Et on en arrive donc au mystère que je souhaitais vous soumettre: entre Avril 73 et Avril 75, les DS berlines étaient donc produites simultanément à deux endroits: à la fois sur les chaines dernier cri d'Aulnay, et sur les chaines vieillissantes de Javel.

J'ai souvent entendu dire qu'il était impossible aujourd'hui d'identifier une DS produite à Aulnay d'une DS produite à Javel, mais je n'arrive pas à m'en convaincre... Bon sang, les technologies de production devaient forcément varier sur certains points.

Ce témoignage fut recueilli un beau jour par Paul:

Dans les années 90, j'avais été convié avec plusieurs de mes petits camarades, par le CE de l'usine d'Aulnay, à venir présenter sur site aux badauds ébahis, nos DS et plusieurs de leurs spécificités. J'avais notamment fait une prestation sur 3 roues avec ma DS23 d'alors, chose héroïque si l'on considérait la rouille qui gangrenait ses longerons.
Mais l'intérêt de l'anecdote n'est pas là. Cette question de la différence entre DS parisiennes et banlieusardes  me turlupinait déjà à l'époque. Le hasard fit que je me trouvais en présence d'un retraité qui avait participé au démarrage de l'usine d'Aulnay. Selon ce brave homme, n'auraient été produites à Aulnay (restons au conditionnel) que des ID ou DS Confort, uniquement à boîte mécanique et carburateur, ces mêmes variantes restant assemblées en parallèle à Javel. Pallas, boîtes hydrauliques et injections seraient demeurées intégralement à Javel jusqu'à la fin.
Bien sûr, cela demande à être confirmé ou infirmé par d'autres sources. Mais à y réfléchir, ce n'est pas impossible pour plusieurs raisons :

   * Citroën savait la production de la DS à Aulnay temporaire puisque la fin du modèle était prévu (du moins en 1973) pour 1977 au plus tard. Donc n'y transférer que la production des modèles les plus simples, rendait le déménagement plus aisé.
   * Sur toutes les photos  de la chaîne DS d'Aulnay que j'ai pu voir,
les Pallas, injection ou autres sont absentes. En revanche la première voiture d'Aulnay est bien une DS (grands enjoliveurs de roues) et non une DSuper ou DSuper5. Par ailleurs, dans le Grand Livre d'O. de Serres, on voit une voiture en cours de montage (sans carrosserie) et le moteur est bien à carburateur et la boîte mécanique (absence du régulateur centrifuge au-dessus de la pompe HP).
   * La dernière DS qui est une Pallas injection, est bien sortie de Javel.

 

Plus tard, Yves, un ancien d'Aulnay, m'a appris ceci, en réaction à cet article:

"J'ai bien regardé les photos et votre texte et je vous apporte mon témoignage et mes souvenirs.

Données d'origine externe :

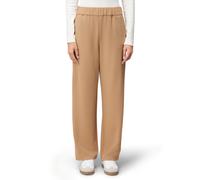 Stoffhose ZERO "Damen mit elastischem Bund 30 Inch", Damen, Gr. 42, Normalgrößen, cinnamon swirl, Twill, Obermaterial: 96% Polyester, 4% Elasthan, unifarben, figurbetont lang, Hosen Stoffhose, Plain/o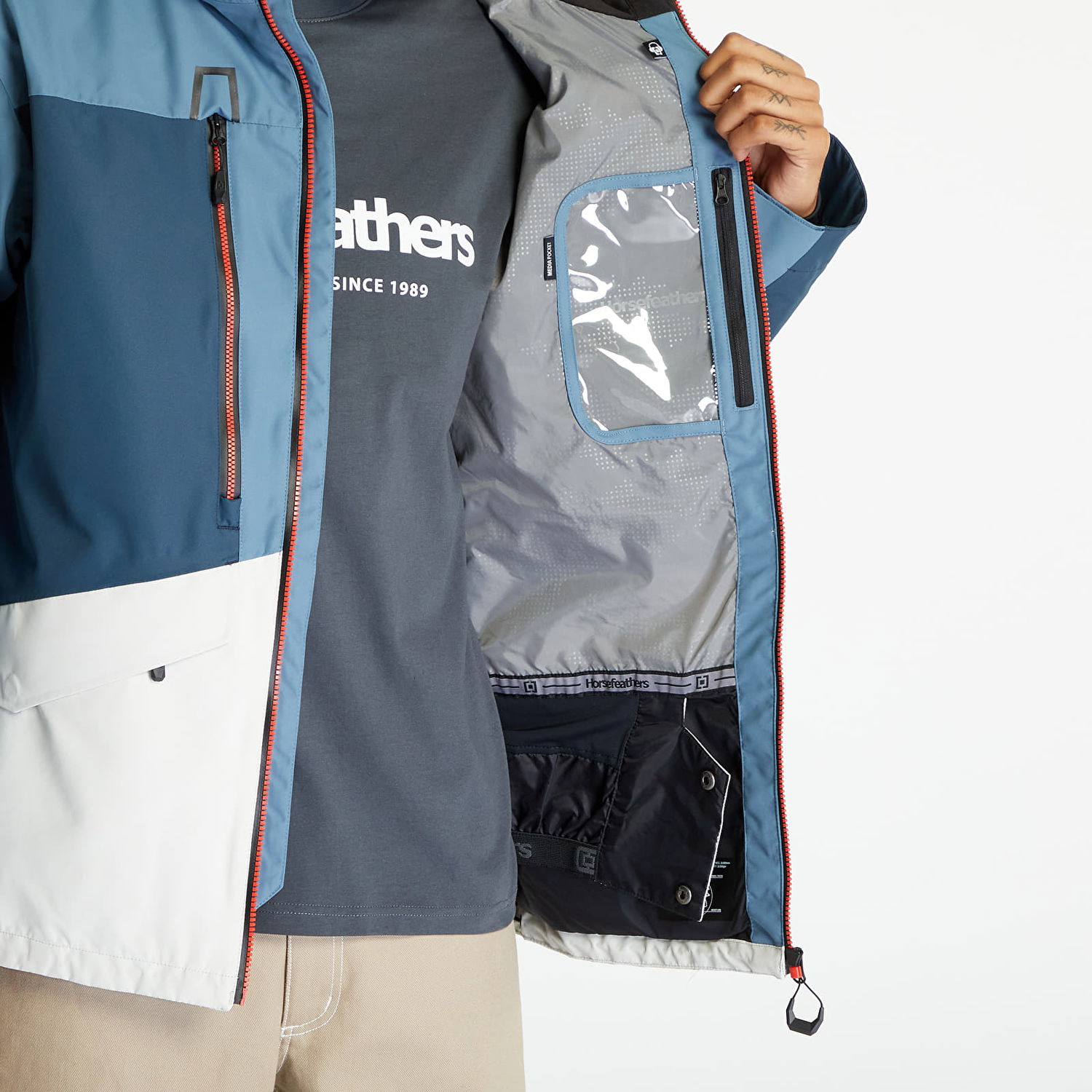 Jakna Horsefeathers Halen II Shell Jacket Modra | OM302G, 1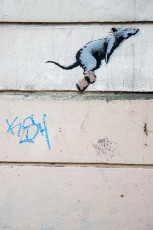 Banksy - Rue du Mont-Cenis 18è - Juin 2018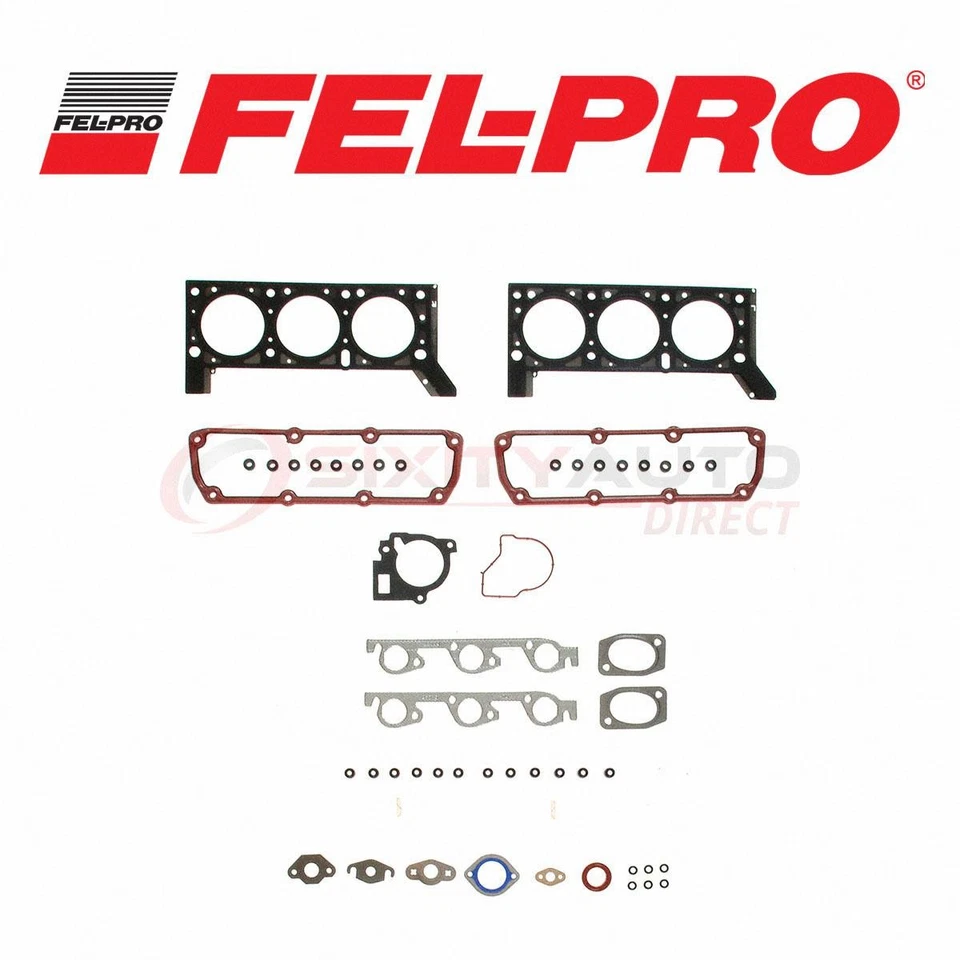 Fel-Pro Cylinder Head Gasket Set for 2001-2004 Chrysler Town & Country 3.3L pf Foto 1 de 4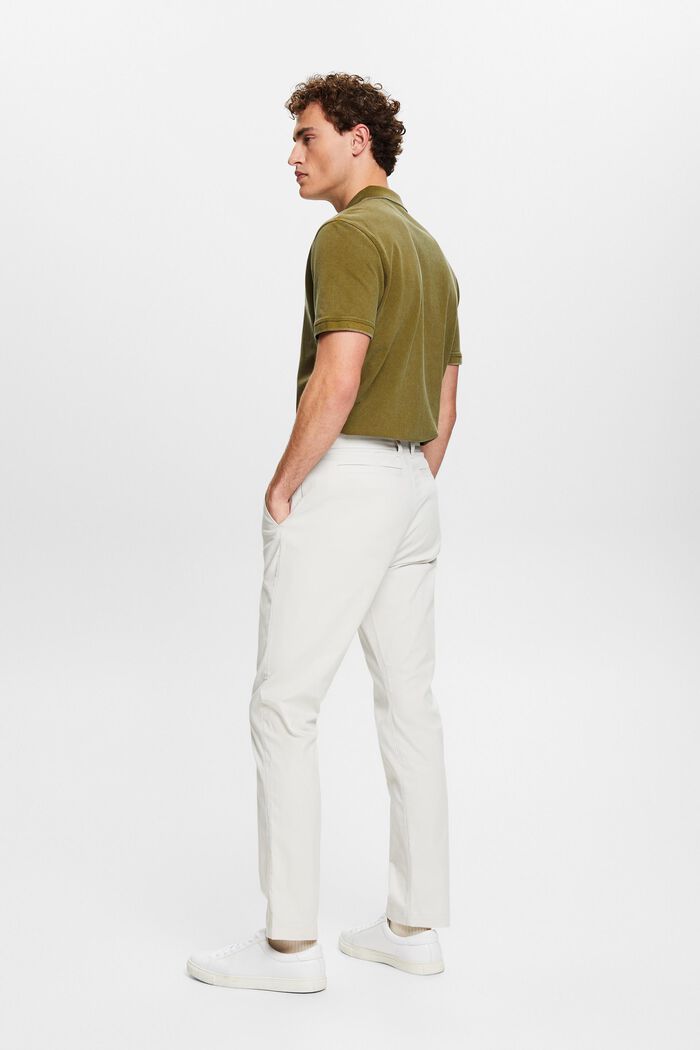 Stretch-Twill Straight Tapered Chino Pants, LIGHT GREY, detail image number 2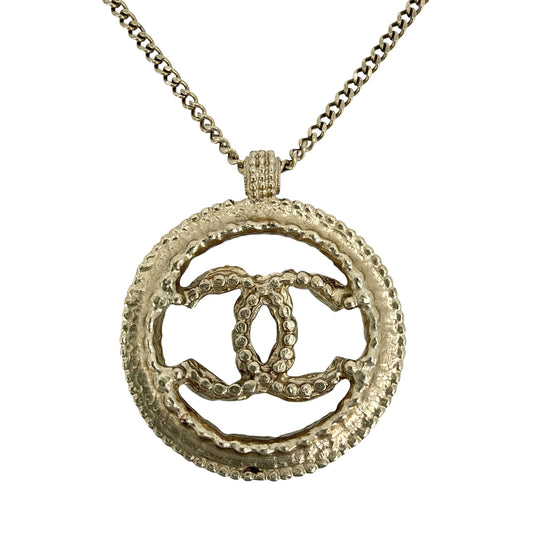 CHANEL シャネル ネックレス ココマーク アクセサリー GP ラインストーン フェイクパール A18C レディース 約15.2g 2018年【中古品】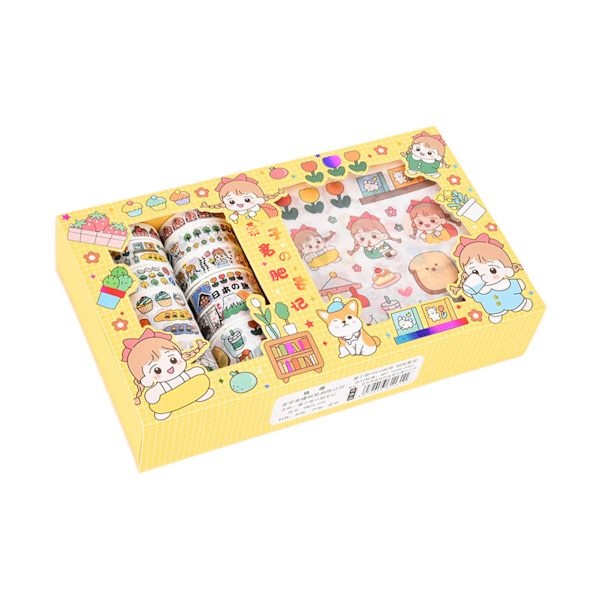 Washi-teippi DIY-koristelu Toistuvasti liimaa Ei jätä jälkiä Ei leikkausta Washi-teippisarja83195 Fat Curtilage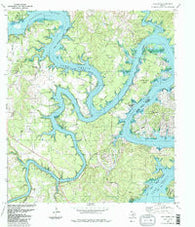 Pace Bend Texas Historical topographic map, 1:24000 scale, 7.5 X 7.5 Minute, Year 1986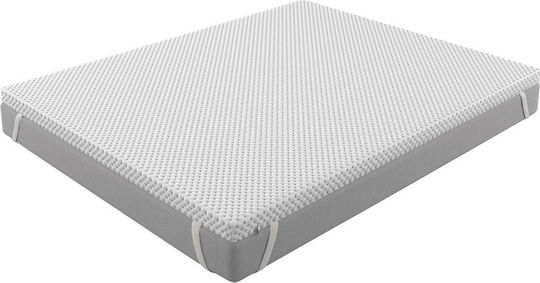 Greco Strom Matratzentopper Latex Comfort Plus Halb-Doppel Latex mit Abnehmbarem Bezug & Gummibändern 110x190x5cm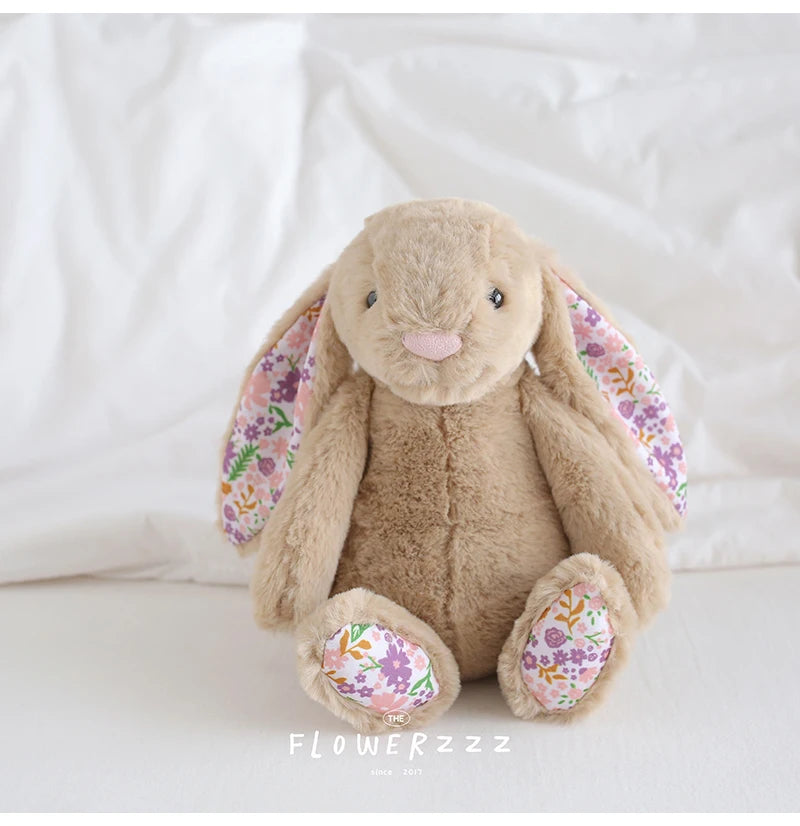 Bonnie Rabbit Plush, Soft Pastel Floral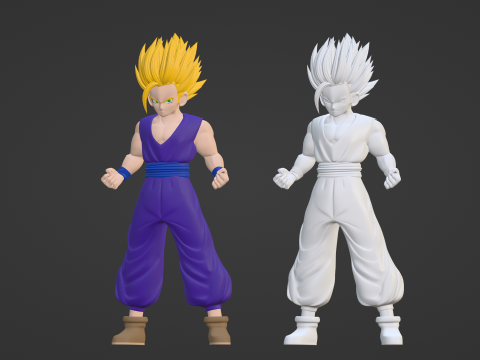 Son Gohan Super Saiyan 2 - Dragonball Z Model 3D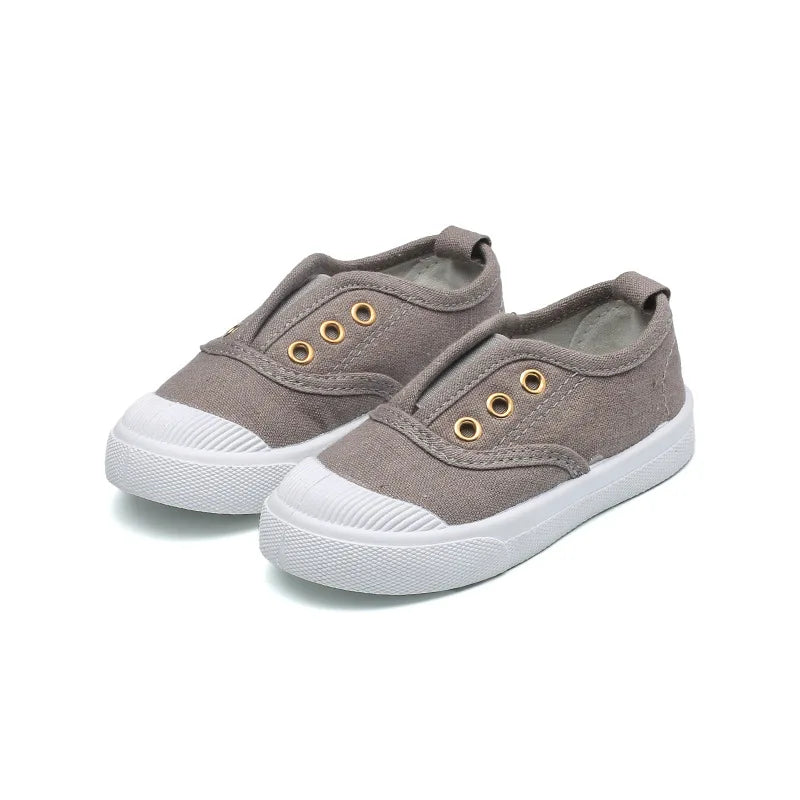 Kids’ Canvas Sneakers – Candy Color, Comfortable School Shoes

La photo de la DS 0001 ne montre pas les "lignes" de montage (chaines étant péjoratif, on ne l'employait pas) mais le plateau de retouches: petit atelier (sur la photo on en voit 1/4 de la surface) ou les défauts de montage et peinture étaient retouchés. La cabine d'ou sortent les DS servait à vérifier l'étanchéité. La cabine à droite est une cabine de séchage (après ponçage et lavage de l'élément à peindre). A l'extrême droite (on la devine) c'est une cabine de peinture avec tunnel de séchage à lampes infrarouge (140°)

Javel ou Aulnay ?
Toutes les DS sont assemblées à Javel (JV)….. !!
Elles ne sont que partiellement finies à Aulnay (AN)
Les DS arrivent de JV (par camion ou par train je ne me souviens plus) roulantes. 
Le châssis est ferré (on appelle ferrage l'assemblage des tôles par soudure électrique) à JV, peint à JV, tous les éléments mécaniques sont montés sur le châssis à JV (moteur, bv, train AV, AR, échappement, suspension, freins ,roues, tuyaux hydraulique).
Les éléments de carrosserie sont ferrés et peints en apprêt à JV et arrivent nus sur le "châssis moteur". La voiture est donc reconstituée avec des portes capots et ailes vides. Ces éléments sont démontés et peints à AN.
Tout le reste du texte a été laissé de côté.